Aż dziw bierze, że na drodze powiatowej, na której porusza się tyle samochodów, żadna ze służb: policja, straż miejska, czy też służby drogowe nie zauważyła, bądź nie chciała zauważyć, ogromnych rozlewisk wody, a przecież ww. służby przejeżdżają tą ulicą wielokrotnie w ciągu dnia. Nie muszę tutaj dodawać, że policja również ma obowiązek zgłaszać wszelkie nieprawidłowości w pasie drogowym. Przechodząc do konkretów:
Na zdjęciu nr 1 przedstawiona jest kałuża, która znajduje się na wysokości hotelu Ragos. Powstaje przy każdych opadach deszczu i utrzymuje się przez bardzo długi czas, a to przez zatkaną kratkę ściekową, której od zeszłego roku chyba nikt nie czyścił, przynajmniej ja nie pamiętam. Na zdjęciu kałuża jest mała, jednak czerwonym kolorem zaznaczyłem jej rozmiar po 2 godzinach od ustania opadów. Zielonym kolorem wskazałem zatkaną kratkę ściekową.
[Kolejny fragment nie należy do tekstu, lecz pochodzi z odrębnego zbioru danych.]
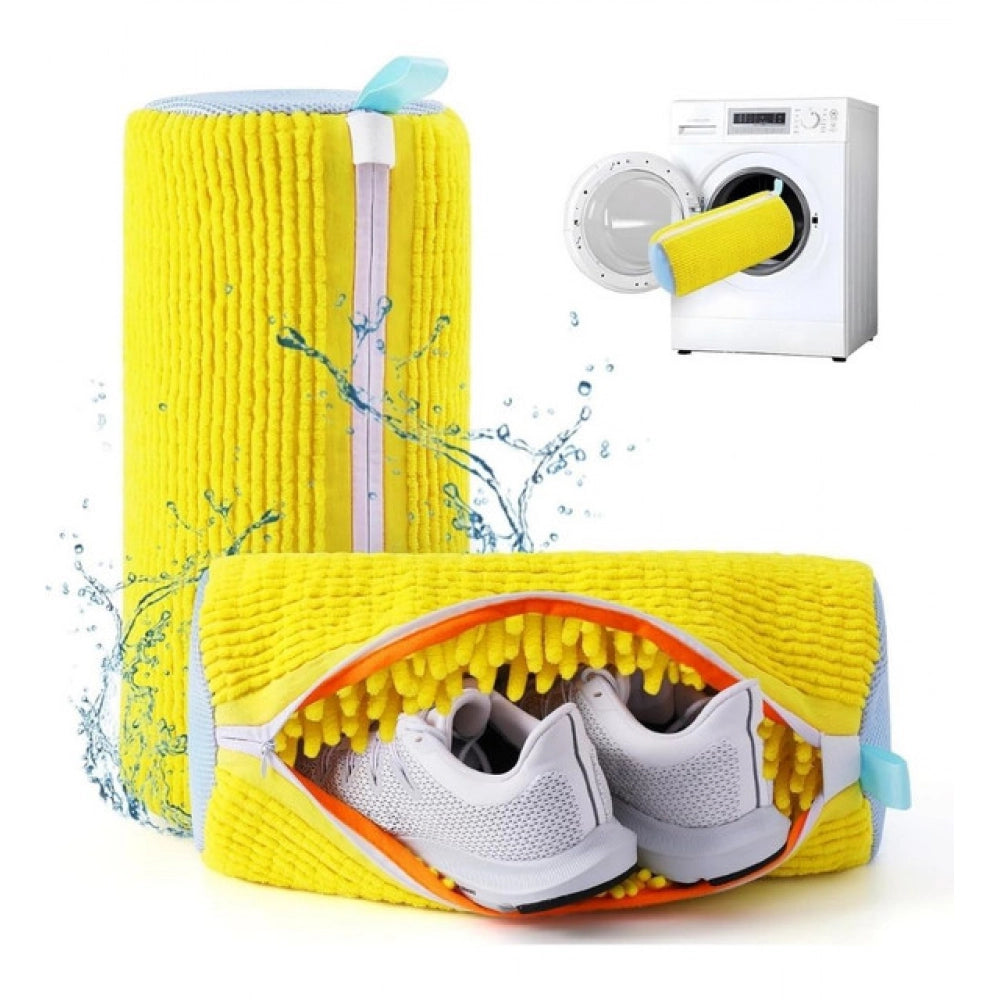 { "alt_text": "Yellow mesh shoe washing machine bags pair, deep clean laundry accessory for sneakers and athletic shoes" }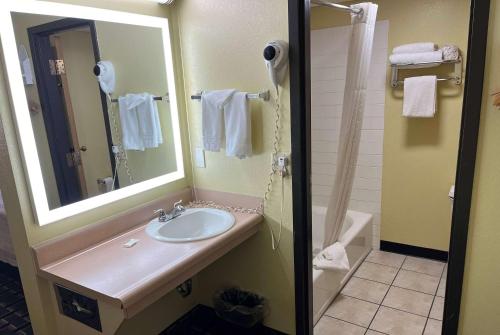 uma casa de banho com um lavatório e um espelho em Days Inn by Wyndham Park City Kansas em Park City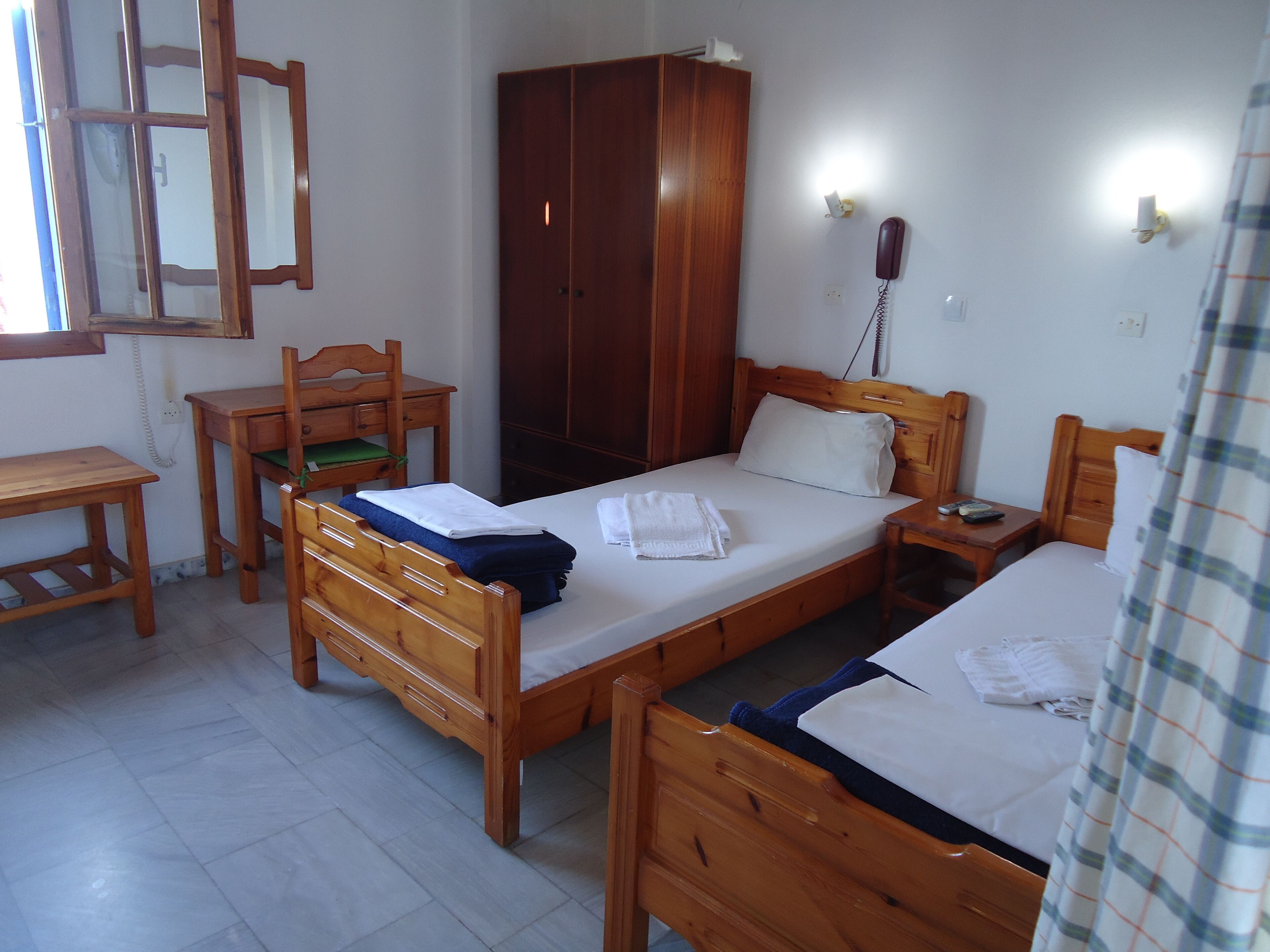 Una habitación con dos camas de madera, un escritorio de madera, una silla, un armario y un espejo.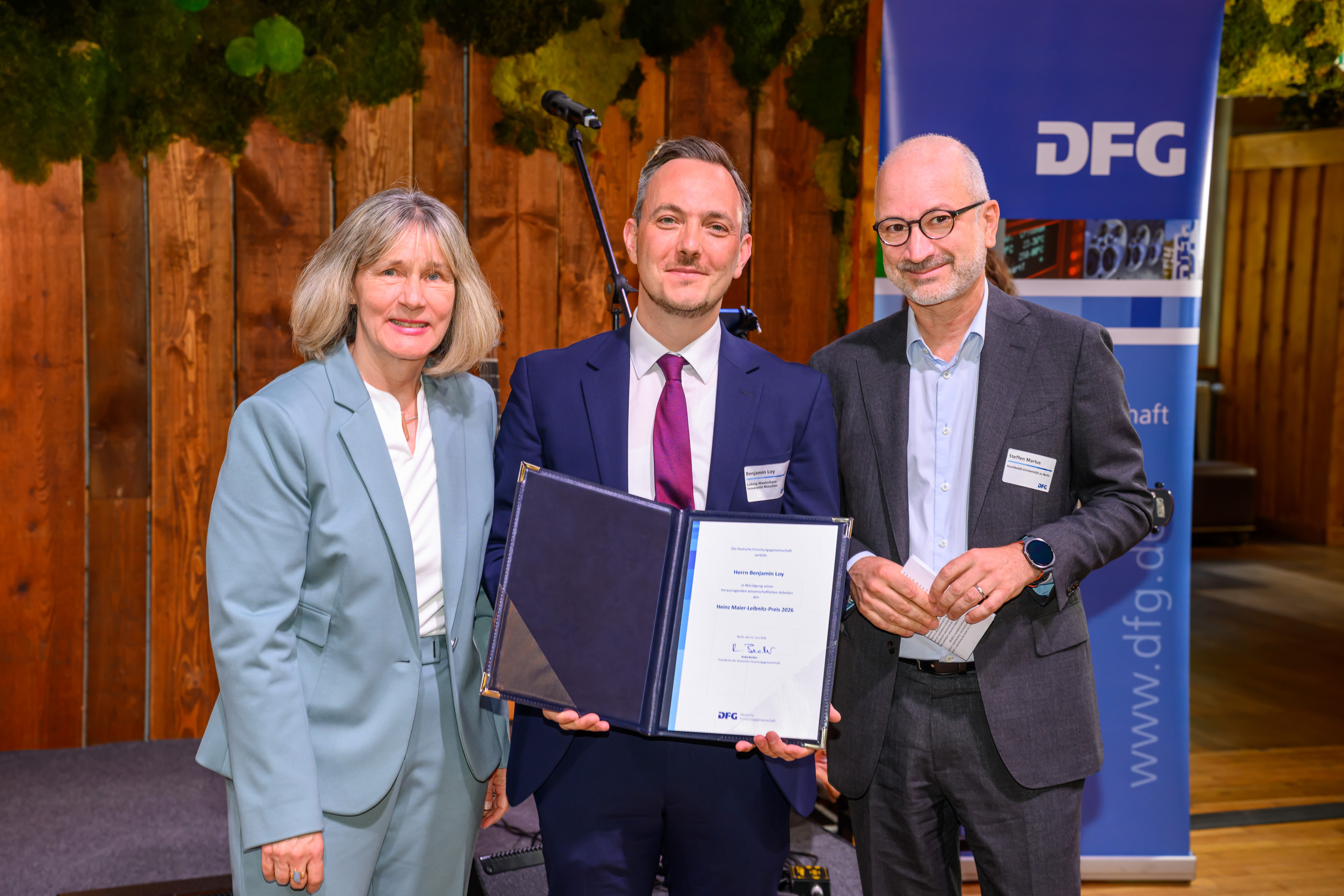 Preisverleihung an Prof. Dr. Benjamin Loy - mit DFG-Generalsekretärin Dr. Heide Ahrens und Prof. Dr. Steffen Martus (Mitglied des Auswahlausschusses)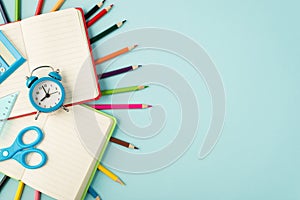 Top view photo of multicolor pencils alarm clock ruler calculator scissors on open red and green copybooks isolated pastel blue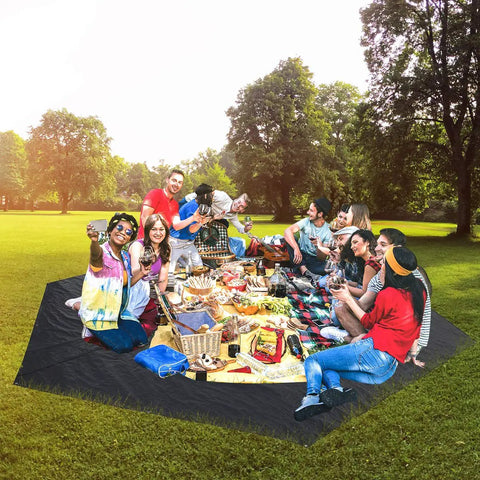 Group enjoying picnic on Heavy Duty Waterproof 10x10 Tarpaulin Ground Cover For Outdoor Camping in park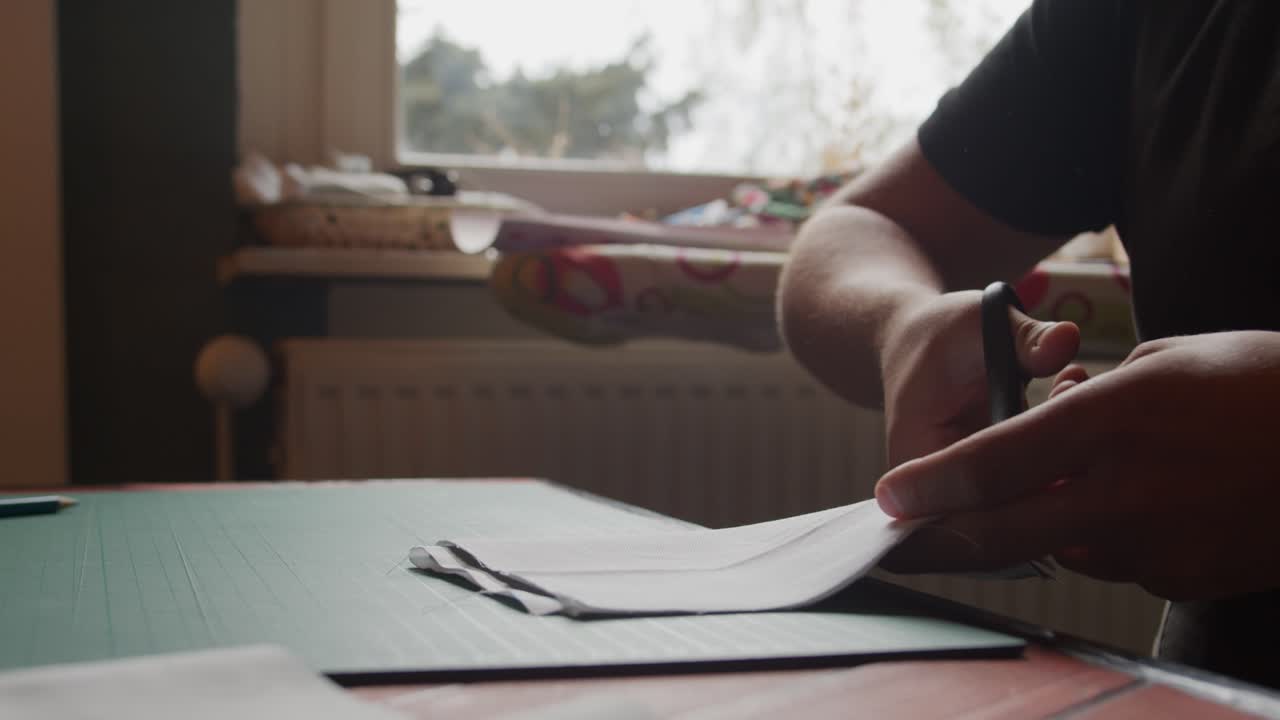 A woman or young person seated cuts fabric in slow motion with a window lighting from behind
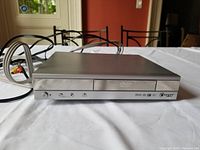 Front view of silver Daytek DVD player showing power and control buttons and DVD logo.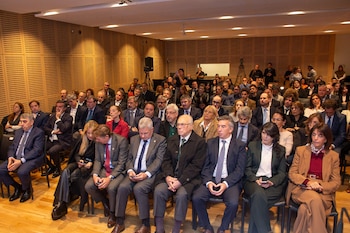 Uma visão geral de uma sala de conferências com dezenas de participantes sentados em filas, a maioria homens e mulheres em trajes formais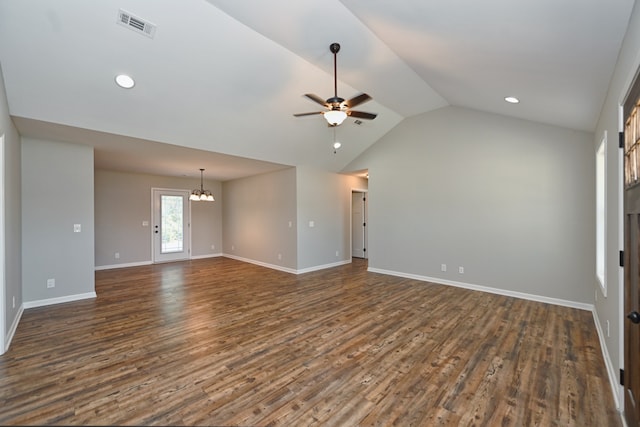 unfurnished living room featuring ceiling fan with notable chandelier, dark wood-type flooring, and lofted ceiling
Zdjęcie nr 1.1 pokazuje ową zatkaną kratkę ściekową.
Zdjęcie nr 2 wskazuje zasięg rozbryzgu wody, tak przynajmniej wskazują mokre ślady na chodniku. Przy przejeździe ciągnika siodłowego z naczepą zasięg jest znacznie większy.
Kolejnym „rozlewiskiem” jest kałuża kilka metrów dalej, przy wjeździe do Urzędu Celnego.
Zdjęcie nr 3 przedstawia owe rozlewisko, oczywiście już mniejsze, jego rzeczywisty rozmiar wskazuje czerwona linia. Nie dość, że pieszy zawsze zostanie ochlapany wodą, to jeszcze nie ma możliwości przejścia z uwagi na głęboką wodę. Na tym samym zdjęciu oznaczono nr 2 kolejną kałużę, która uniemożliwia pieszym wejście na chodnik. Nadmieniam, że nie wiedzieć dlaczego, nie ma tam żadnej kratki ściekowej, dzięki której nadmiar wody mógłby zostać odprowadzony.
Na zdjęciu nr 5 doskonale widać, jak piesi muszą zastanawiać się, w jaki sposób przejść dalej.
Na ostatnim zdjęciu nr 4 widać efekt przejazdu samochodu przez kałużę.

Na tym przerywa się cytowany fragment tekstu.